In the listing below, the lines starting with the line with "Mudiro 8KW Diesel" and going on through the line with "Verage Underseat Carry" are to be reproduced exactly, and only those.

BEGIN Material supplied

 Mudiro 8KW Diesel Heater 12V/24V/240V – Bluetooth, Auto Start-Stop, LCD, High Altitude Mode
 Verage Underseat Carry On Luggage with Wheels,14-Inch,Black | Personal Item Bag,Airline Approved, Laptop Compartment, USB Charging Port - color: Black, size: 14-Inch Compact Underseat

END Material supplied
BEGIN Material supplied

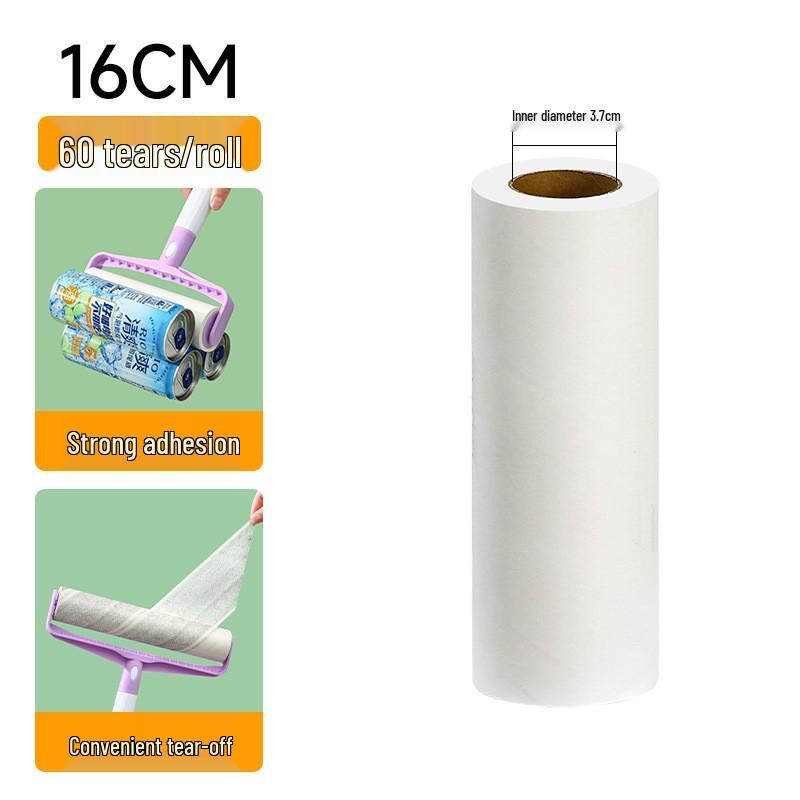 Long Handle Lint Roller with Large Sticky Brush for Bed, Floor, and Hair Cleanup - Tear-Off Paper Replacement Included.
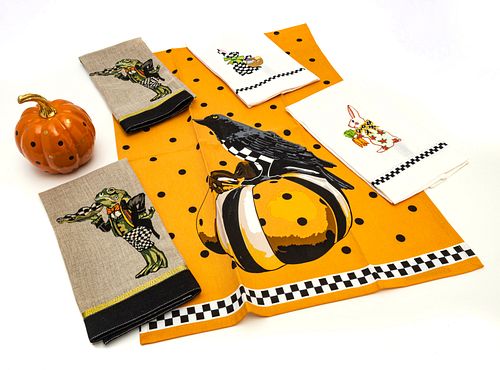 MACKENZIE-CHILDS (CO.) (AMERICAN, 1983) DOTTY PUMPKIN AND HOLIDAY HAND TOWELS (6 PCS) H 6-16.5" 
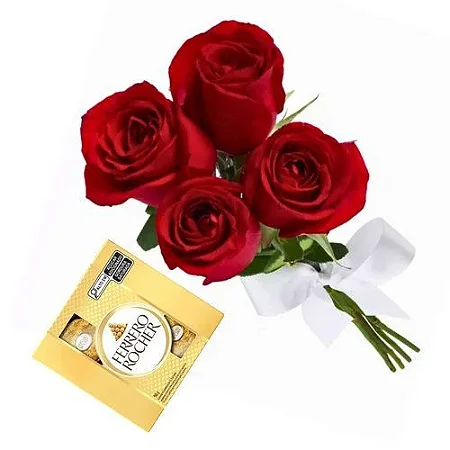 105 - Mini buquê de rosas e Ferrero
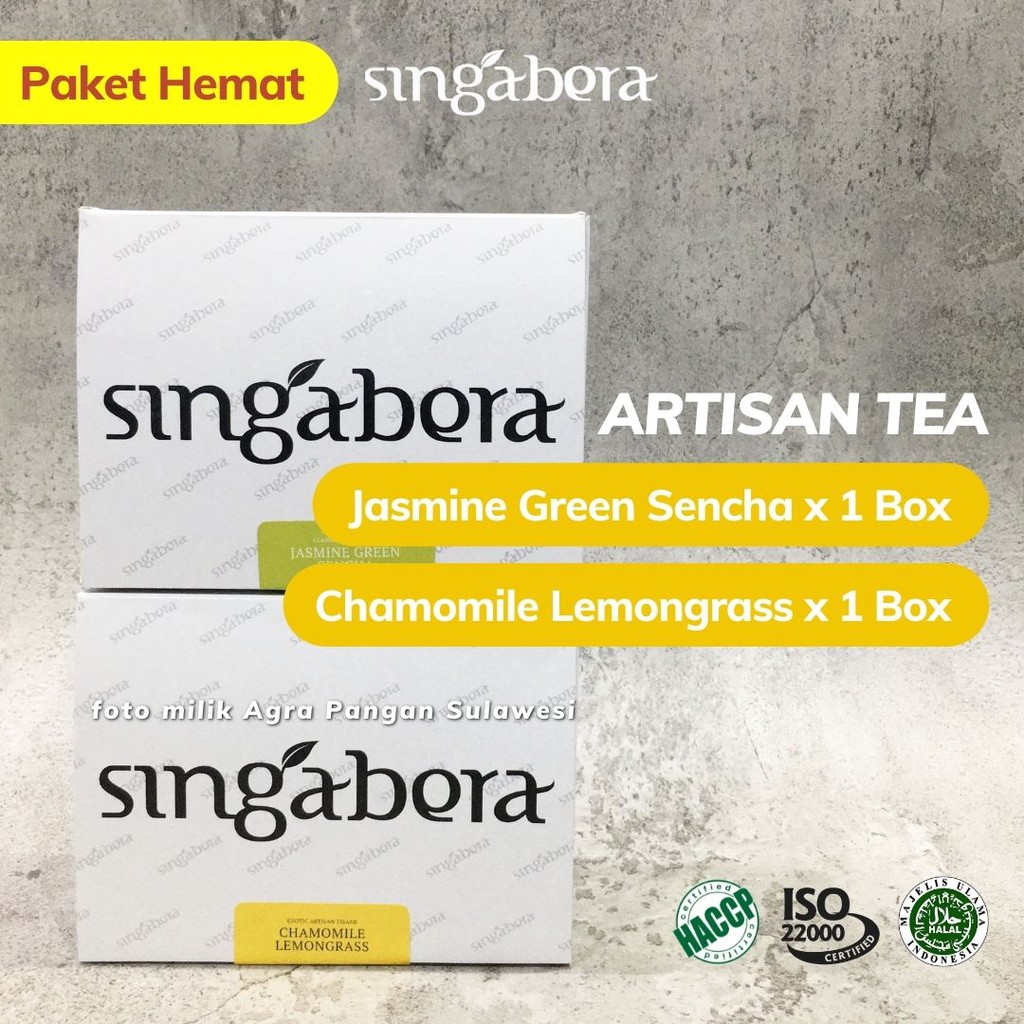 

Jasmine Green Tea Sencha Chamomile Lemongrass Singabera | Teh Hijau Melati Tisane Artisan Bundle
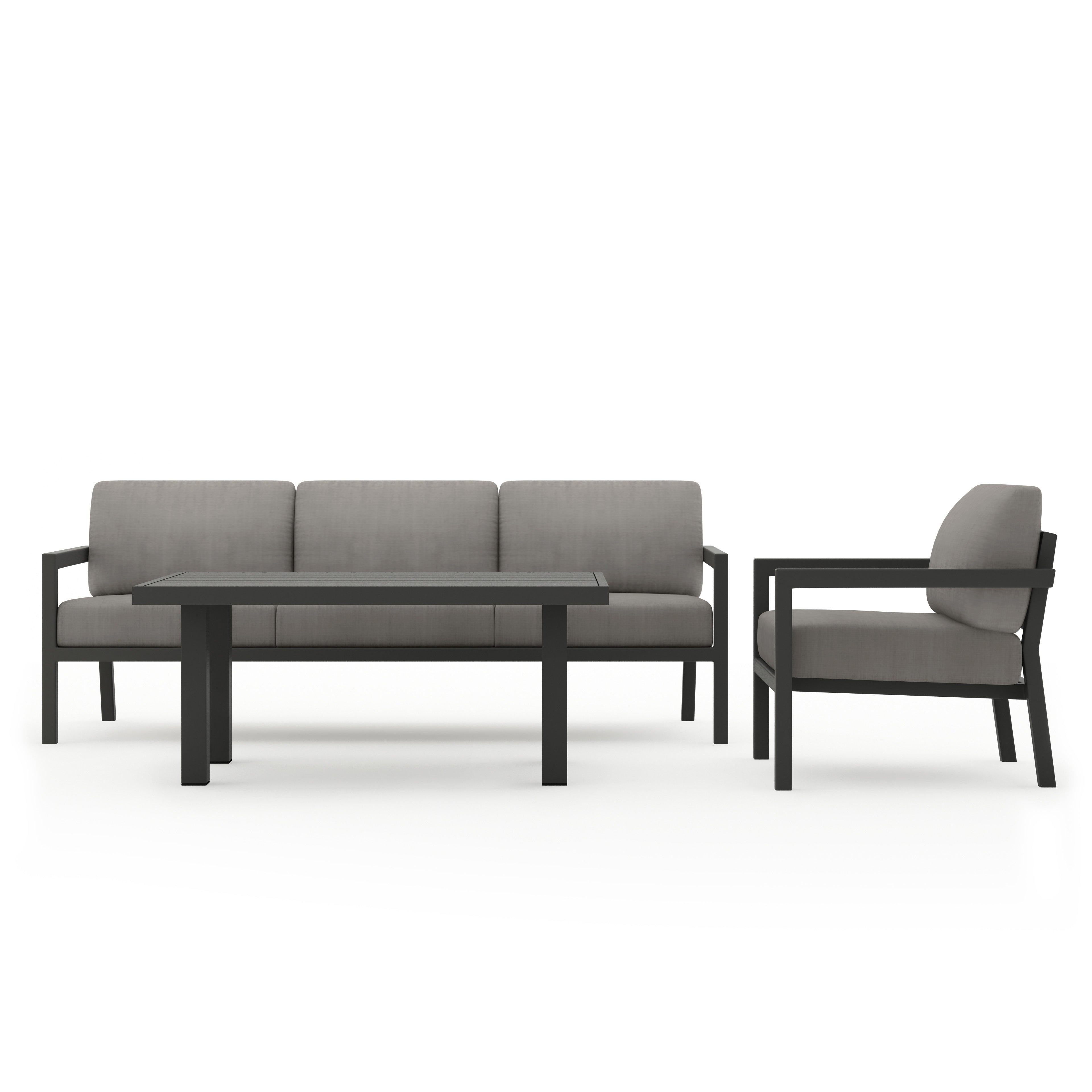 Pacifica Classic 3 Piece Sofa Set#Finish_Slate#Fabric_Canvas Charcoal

END Material supplied
BEGIN Material supplied

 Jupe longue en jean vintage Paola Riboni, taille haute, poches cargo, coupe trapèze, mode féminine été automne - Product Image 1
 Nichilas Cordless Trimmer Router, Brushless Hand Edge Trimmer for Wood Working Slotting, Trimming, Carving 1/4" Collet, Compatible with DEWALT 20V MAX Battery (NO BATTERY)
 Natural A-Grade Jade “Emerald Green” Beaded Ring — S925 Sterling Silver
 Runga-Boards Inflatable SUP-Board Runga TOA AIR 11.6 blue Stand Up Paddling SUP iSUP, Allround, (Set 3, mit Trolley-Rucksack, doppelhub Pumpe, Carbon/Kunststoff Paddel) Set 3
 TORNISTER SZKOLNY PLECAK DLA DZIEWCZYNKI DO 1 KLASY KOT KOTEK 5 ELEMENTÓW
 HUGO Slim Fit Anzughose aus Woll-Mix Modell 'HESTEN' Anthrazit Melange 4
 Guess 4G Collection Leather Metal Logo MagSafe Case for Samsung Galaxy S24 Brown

END Material supplied

Solution to this problem ▸
 Mudiro 8KW Diesel Heater 12V/24V/240V – Bluetooth, Auto Start-Stop, LCD, High Altitude Mode
 Verage Underseat Carry On Luggage with Wheels,14-Inch,Black | Personal Item Bag,Airline Approved, Laptop Compartment, USB Charging Port - color: Black, size: 14-Inch Compact Underseat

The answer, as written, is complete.